» **Task instructions**: Pictures are to be left out. Return exactly the lines below from the one with "Vintage Ostby &" up to and including the one with "HigherEd Postdocs screenshot".

[Records from a data source]
*** Begin section ***
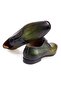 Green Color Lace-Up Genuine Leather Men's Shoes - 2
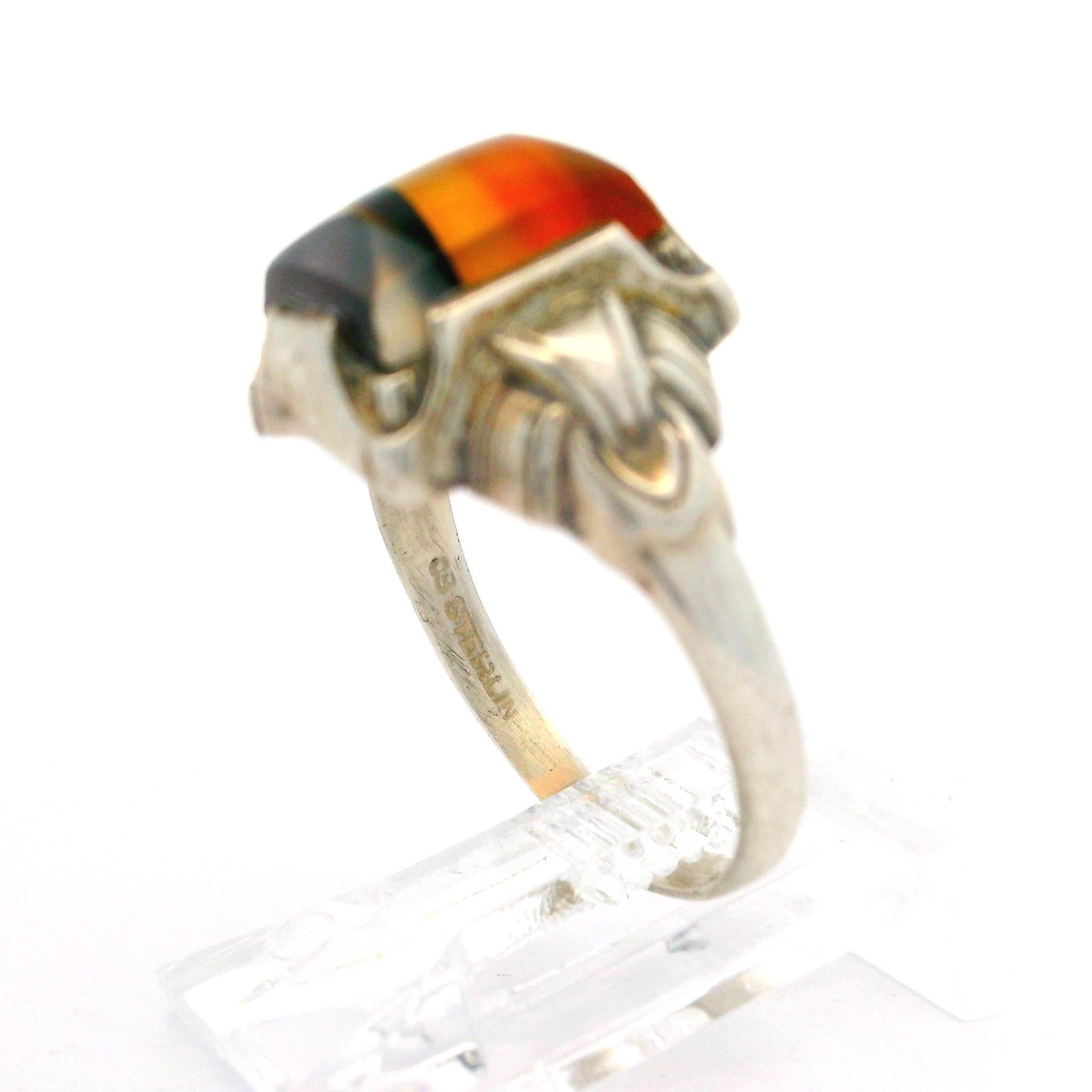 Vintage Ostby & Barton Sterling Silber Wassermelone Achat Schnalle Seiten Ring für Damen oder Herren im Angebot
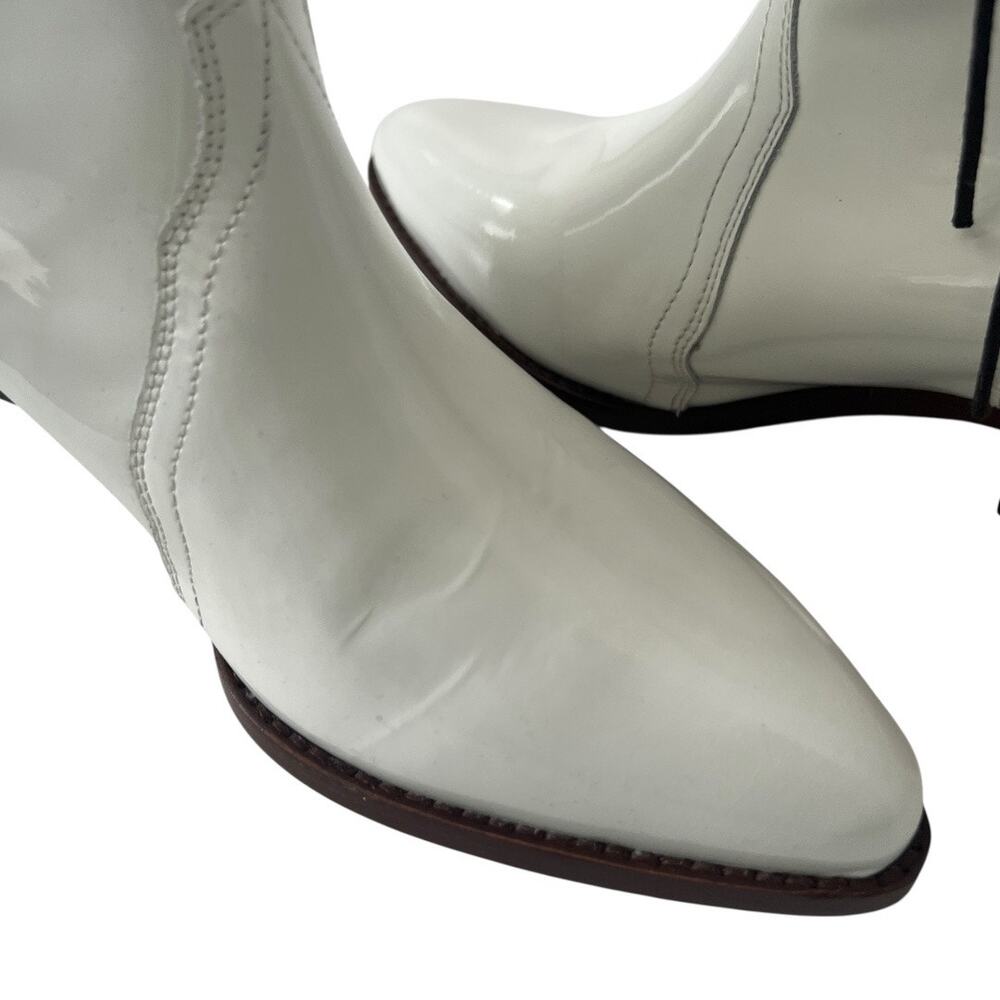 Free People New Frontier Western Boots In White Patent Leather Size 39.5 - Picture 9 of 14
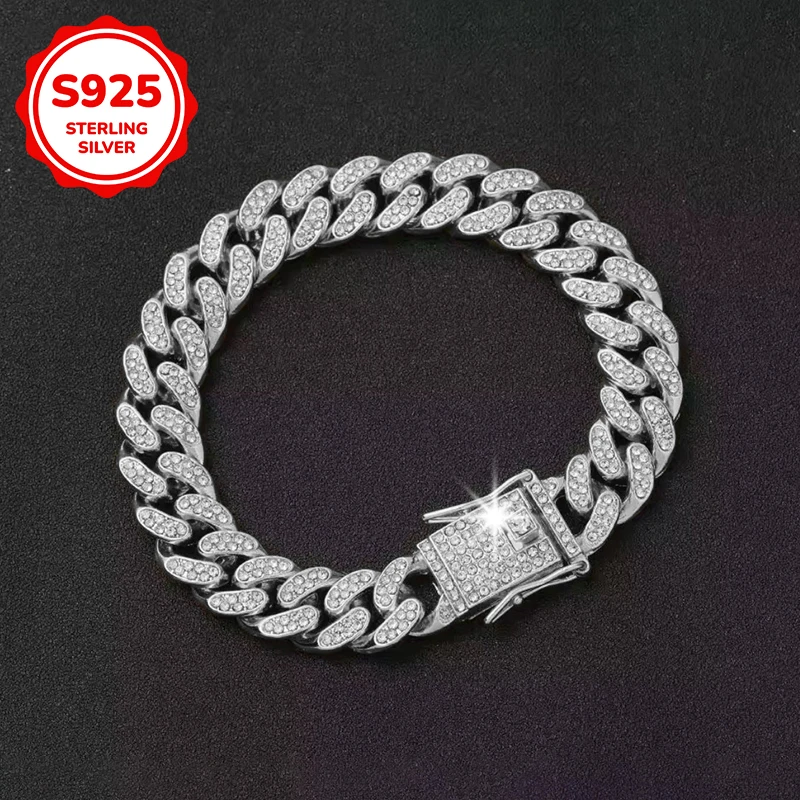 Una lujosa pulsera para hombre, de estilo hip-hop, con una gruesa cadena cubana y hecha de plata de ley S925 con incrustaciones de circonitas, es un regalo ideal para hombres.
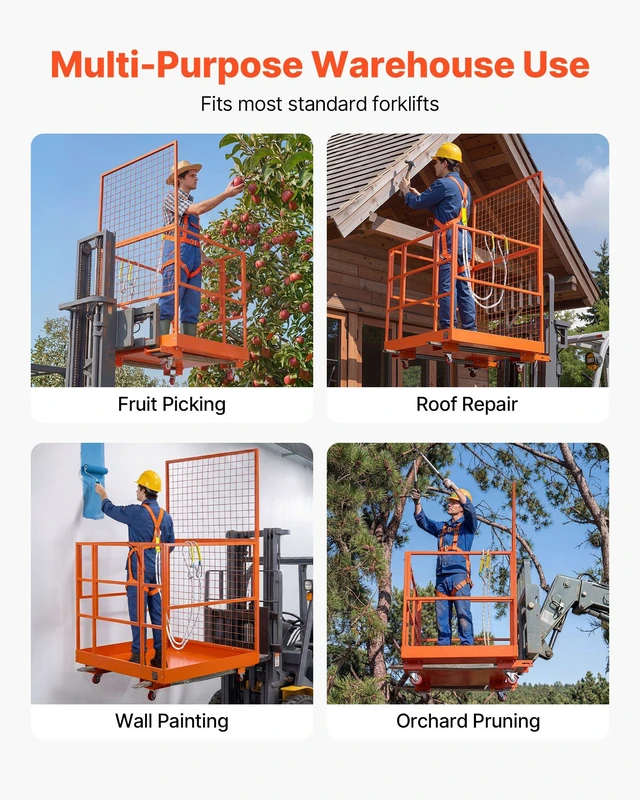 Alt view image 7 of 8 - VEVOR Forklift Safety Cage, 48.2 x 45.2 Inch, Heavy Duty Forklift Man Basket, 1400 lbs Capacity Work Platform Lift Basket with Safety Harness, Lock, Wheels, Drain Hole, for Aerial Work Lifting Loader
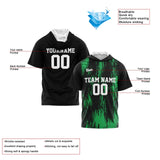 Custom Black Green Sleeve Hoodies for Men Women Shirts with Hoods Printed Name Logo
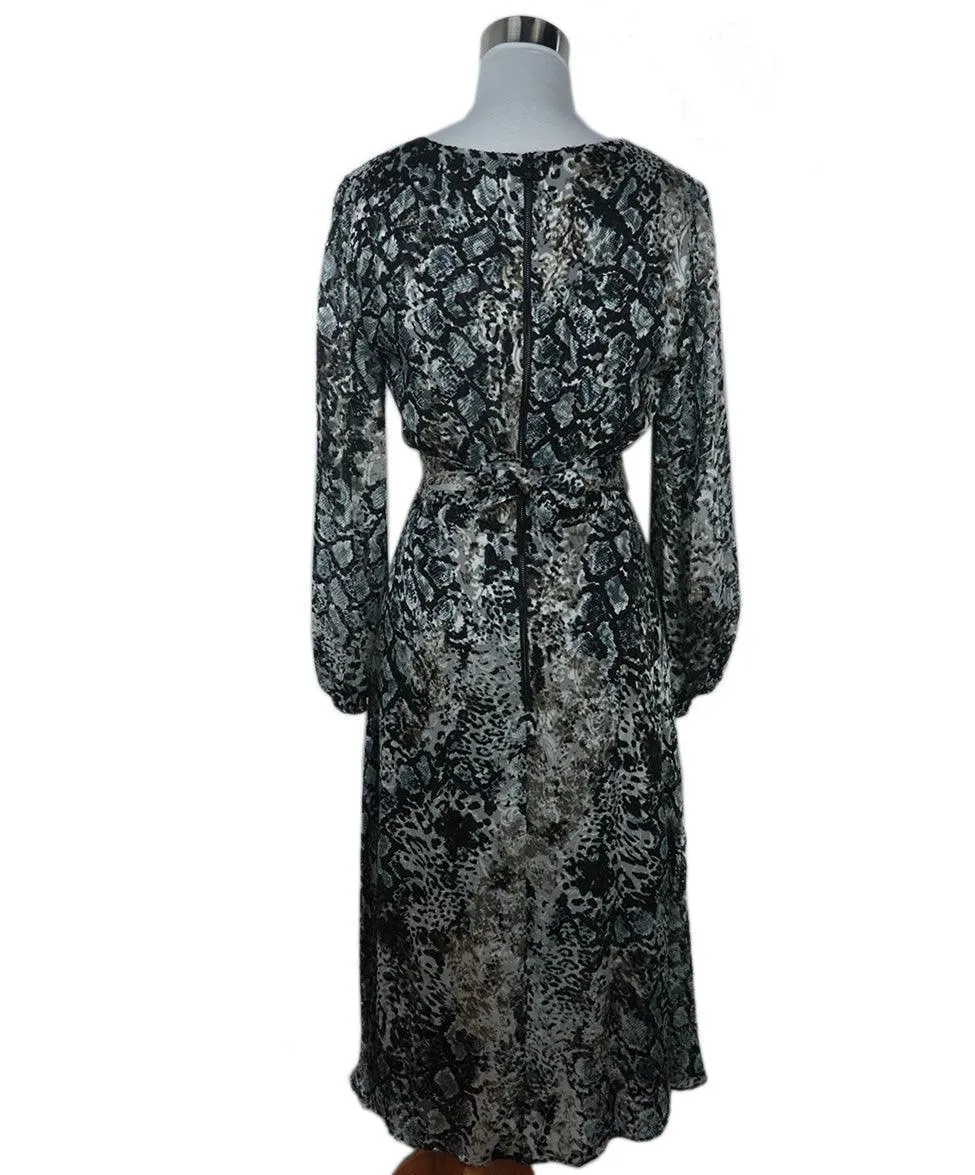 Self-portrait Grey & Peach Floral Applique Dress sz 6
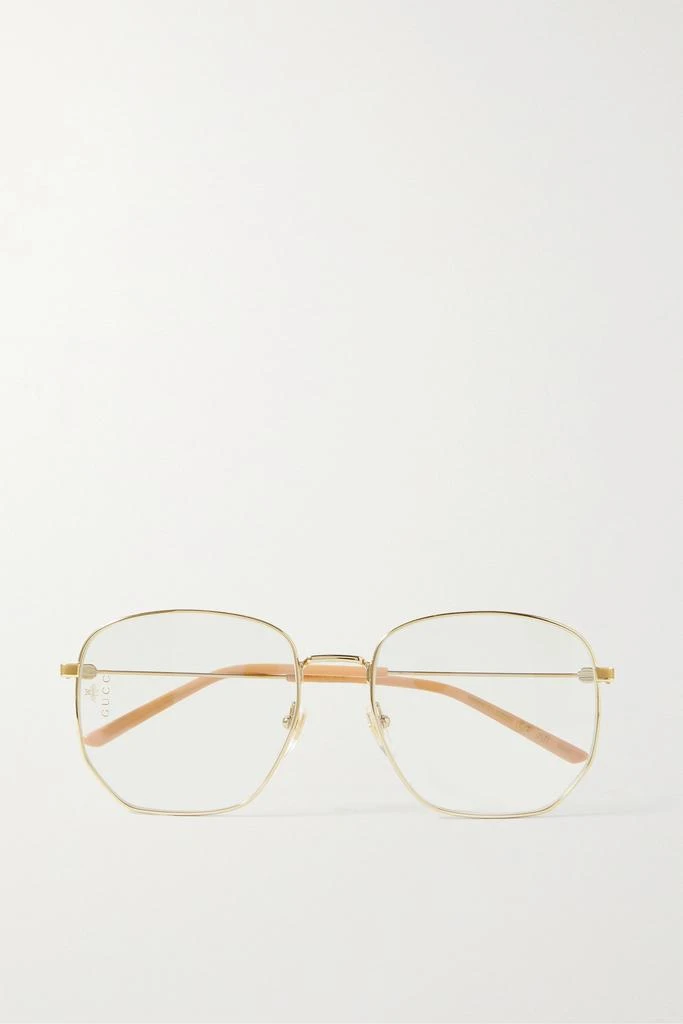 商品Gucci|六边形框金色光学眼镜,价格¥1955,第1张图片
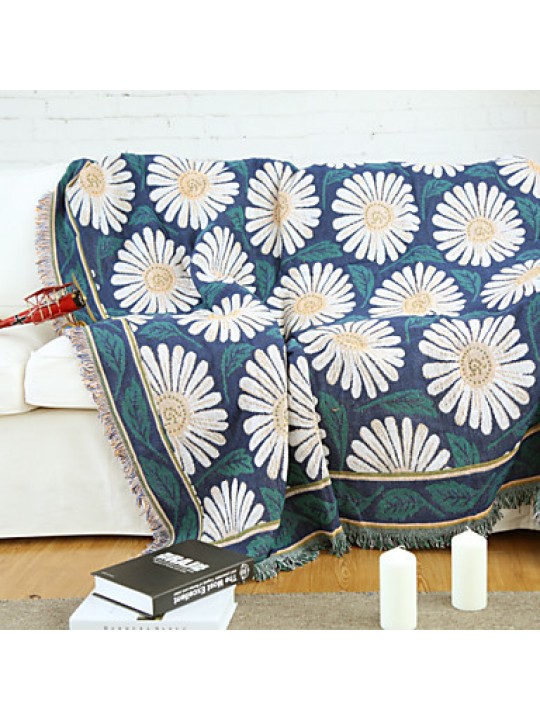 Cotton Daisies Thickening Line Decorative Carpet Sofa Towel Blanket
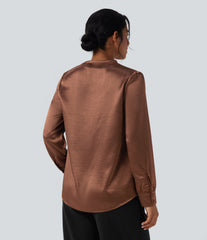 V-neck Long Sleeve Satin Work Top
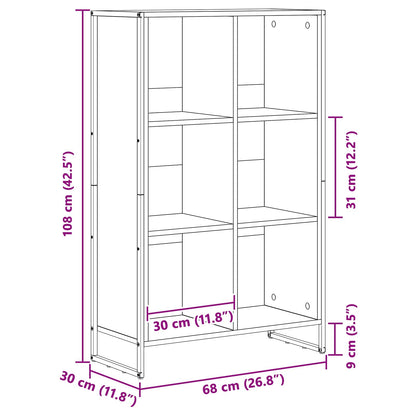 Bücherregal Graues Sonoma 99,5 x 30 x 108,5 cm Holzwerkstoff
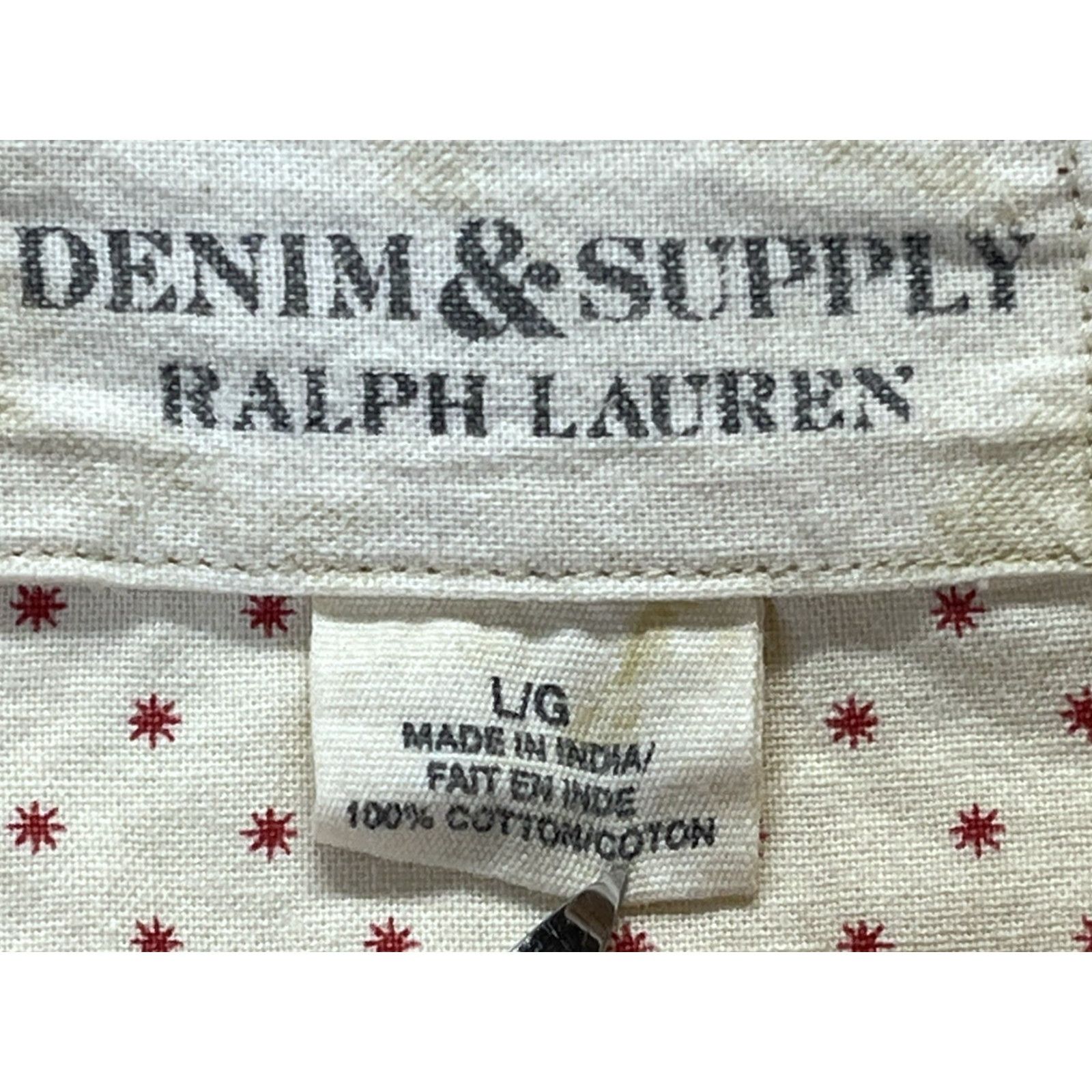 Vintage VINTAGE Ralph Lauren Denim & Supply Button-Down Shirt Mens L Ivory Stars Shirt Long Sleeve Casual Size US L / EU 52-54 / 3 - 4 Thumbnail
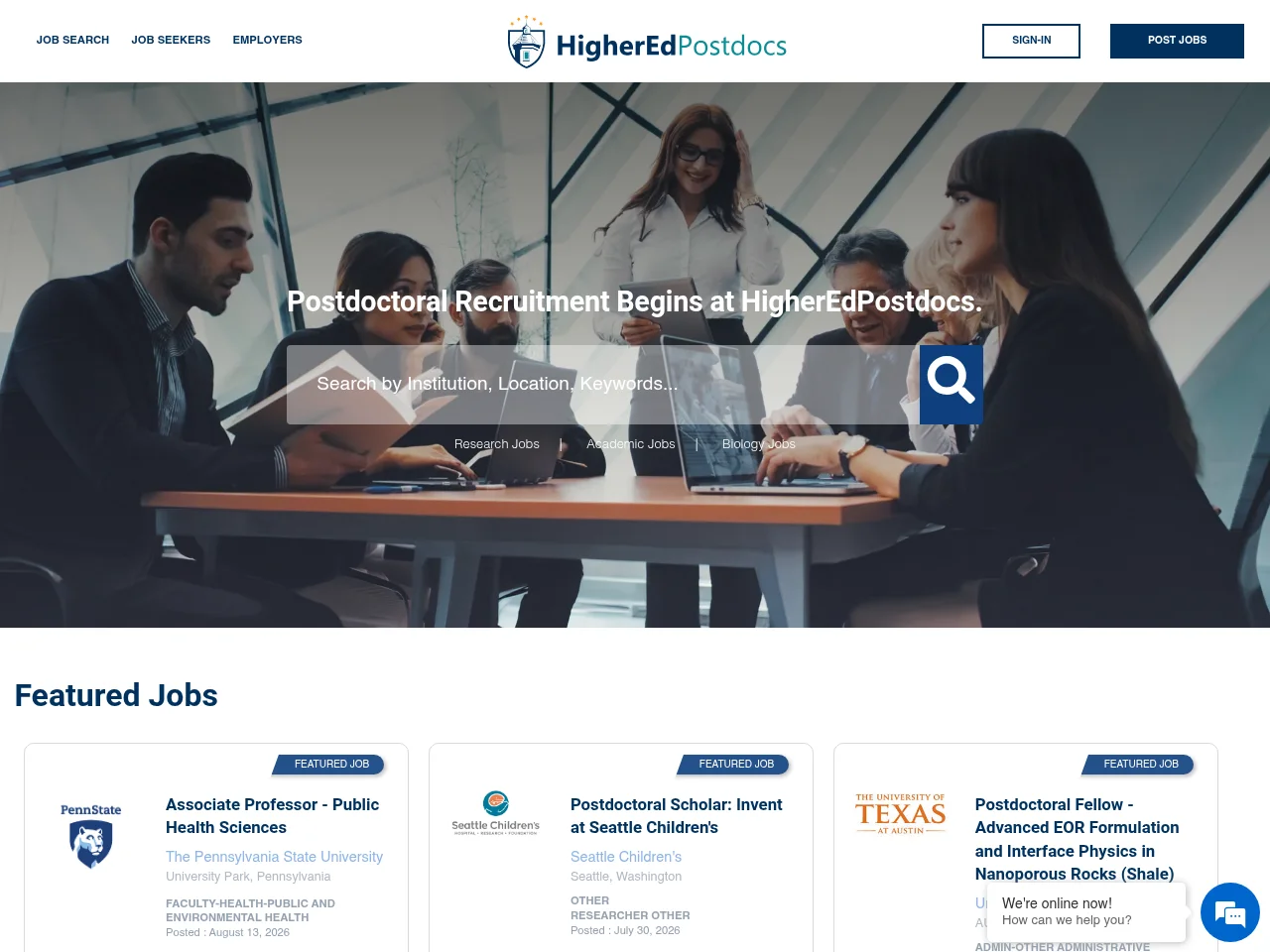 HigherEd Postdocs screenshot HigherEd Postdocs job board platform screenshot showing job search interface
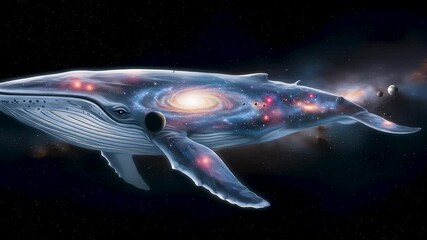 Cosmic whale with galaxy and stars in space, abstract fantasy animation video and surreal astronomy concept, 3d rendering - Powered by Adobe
*** End section ***
» **Exercise answer**:
 Vintage Ostby & Barton Sterling Silber Wassermelone Achat Schnalle Seiten Ring für Damen oder Herren im Angebot
 Free People New Frontier Western Boots In White Patent Leather Size 39.5 - Picture 9 of 14
 Una lujosa pulsera para hombre, de estilo hip-hop, con una gruesa cadena cubana y hecha de plata de ley S925 con incrustaciones de circonitas, es un regalo ideal para hombres.
 Alt view image 7 of 8 - VEVOR Forklift Safety Cage, 48.2 x 45.2 Inch, Heavy Duty Forklift Man Basket, 1400 lbs Capacity Work Platform Lift Basket with Safety Harness, Lock, Wheels, Drain Hole, for Aerial Work Lifting Loader
 Custom Black Green Sleeve Hoodies for Men Women Shirts with Hoods Printed Name Logo
 Self-portrait Grey & Peach Floral Applique Dress sz 6
 商品Gucci|六边形框金色光学眼镜,价格¥1955,第1张图片
 Cotton Daisies Thickening Line Decorative Carpet Sofa Towel Blanket
 V-neck Long Sleeve Satin Work Top
 Bücherregal Graues Sonoma 99,5 x 30 x 108,5 cm Holzwerkstoff
 Vintage VINTAGE Ralph Lauren Denim & Supply Button-Down Shirt Mens L Ivory Stars Shirt Long Sleeve Casual Size US L / EU 52-54 / 3 - 4 Thumbnail
 HigherEd Postdocs screenshot HigherEd Postdocs job board platform screenshot showing job search interface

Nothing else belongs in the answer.